Over the last few weeks we’ve kept our batteries full with a solar-powered battery trickle charger, used a right angle drill adapter to help with bodywork and broke out of trouble with an emergency escape tool. This week’s Cool Tool is the classic and still incredibly useful locking pliers.
I spent much of my holiday break working on my fleet. One of my Smart Fortwos still wasn’t starting. My Volkswagen Passat TDI had tires that kept going flat and I even saw the return of my Volkswagen Passat W8. I used a bunch of tools to do a bunch of jobs, but one kept on getting pulled out of my toolbox: old Vise-Grip locking pliers.
The invention of this tool is often credited to Danish blacksmith William Petersen. A century ago in a small town in Nebraska, Petersen found himself with a conundrum, notes the Wessels Living History Farm. He wanted to hold pieces together like a vise can, but didn’t want to go through the work of setting up a vise. Petersen developed a hand tool that combined pliers with a vise; the Vise-Grip.
My pliers first found themselves useful on the Smart Fortwo. One of the possible causes of the car’s no-start condition was a bad engine ground. Sure enough, when I looked into the engine bay I found that the ground cable was connected with a horribly rusty bolt.
I decided to replace that bolt, but found it too rotted for any socket to get a grip. The Vise-Grip was the trick, holding on tight while the teeth found grip where sockets couldn’t.
It then found use helping me swap some newer wheels onto my Passat TDI wagon. My cheap floor jack doesn’t have a handle, so I raise it using a breaker bar and release it with the Vise-Grip.
These wheels came off of a Dieselgate-era Jetta TDI. I think they look pretty nice on this B5.5 Passat.
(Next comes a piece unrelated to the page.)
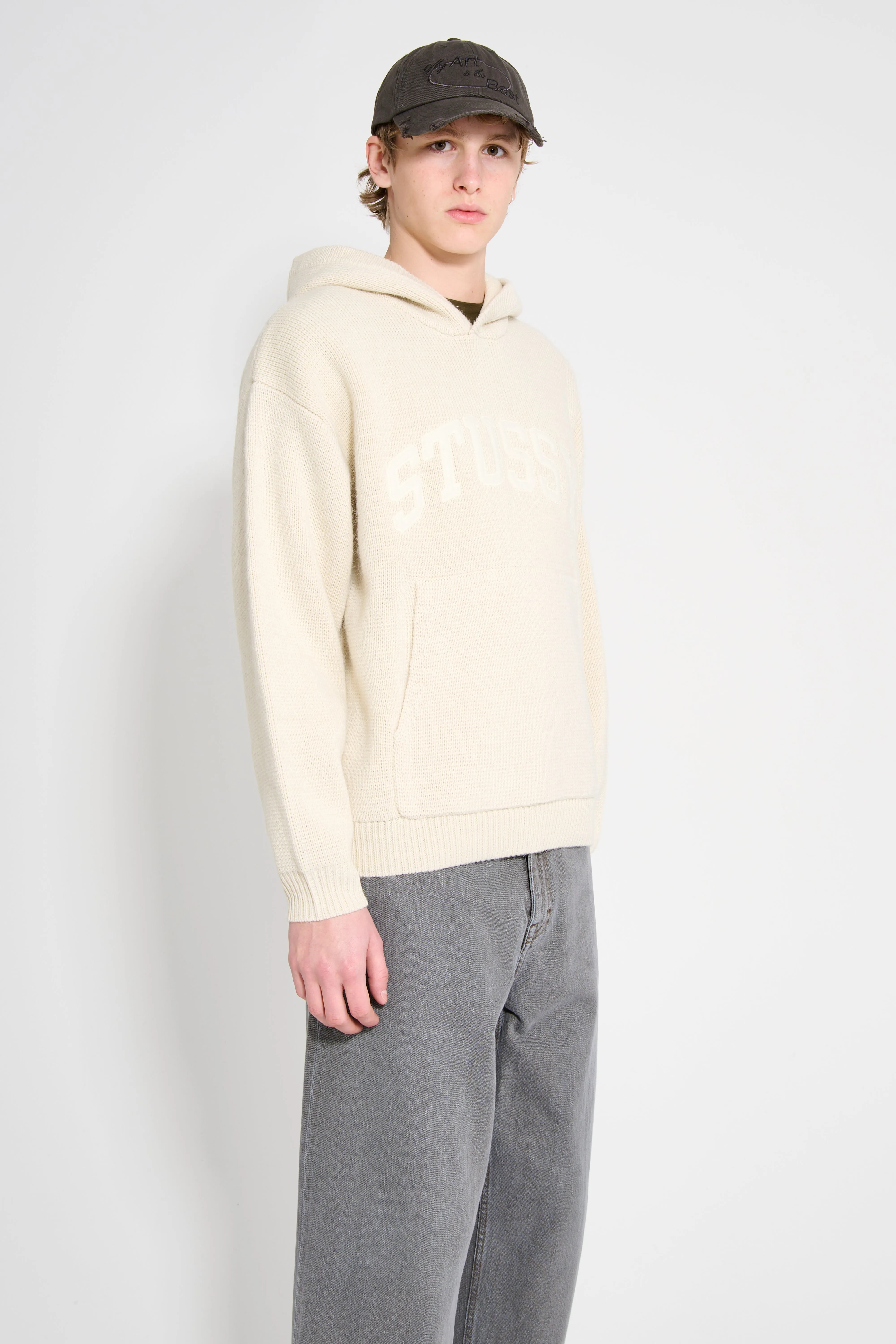 Stüssy Felt Patch Knit Hood Natural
My little Vise-Grip is useful outside of turning bolts, too. It’s currently the only way to pop the hood of my Volkswagen Phaeton. It’s as simple as locking the pliers onto the ball and pulling.
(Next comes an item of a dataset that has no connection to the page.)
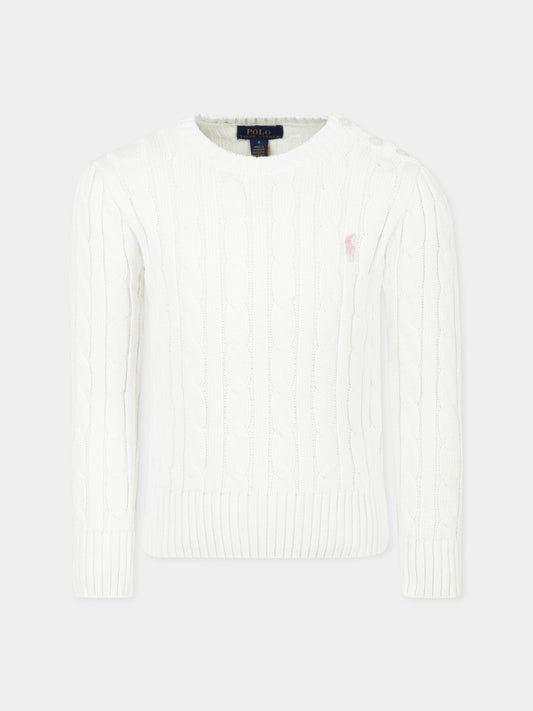 Maglione bianco per bambina con cavallino,Ralph Lauren Kids,901316011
I’ve found other uses for locking pliers, too. They can work when you don’t have or lost a wrench or socket. They can also help you with pesky fittings like brake lines and fasteners that needs a tool to grip with a lot of force to help you loosen them up. And of course, you can use them to hold parts in place while you work on them.
Amusingly, despite always having a Vise-Grip in my toolbox for nearly a decade, I’ve never paid for one. Like pens, I keep finding them on the ground or in other random places. I don’t even know where my current pair came from.
If you aren’t as lucky as me, this century-old tool is dirt cheap. You can get a single for $12 or a versatile pair for $33. If you aren’t attached to name brands, you can get a bundle of them for $18.
I imagine many of you already have at least one of these. If you don’t, I highly recommend you do! If you have some, what do you use them for?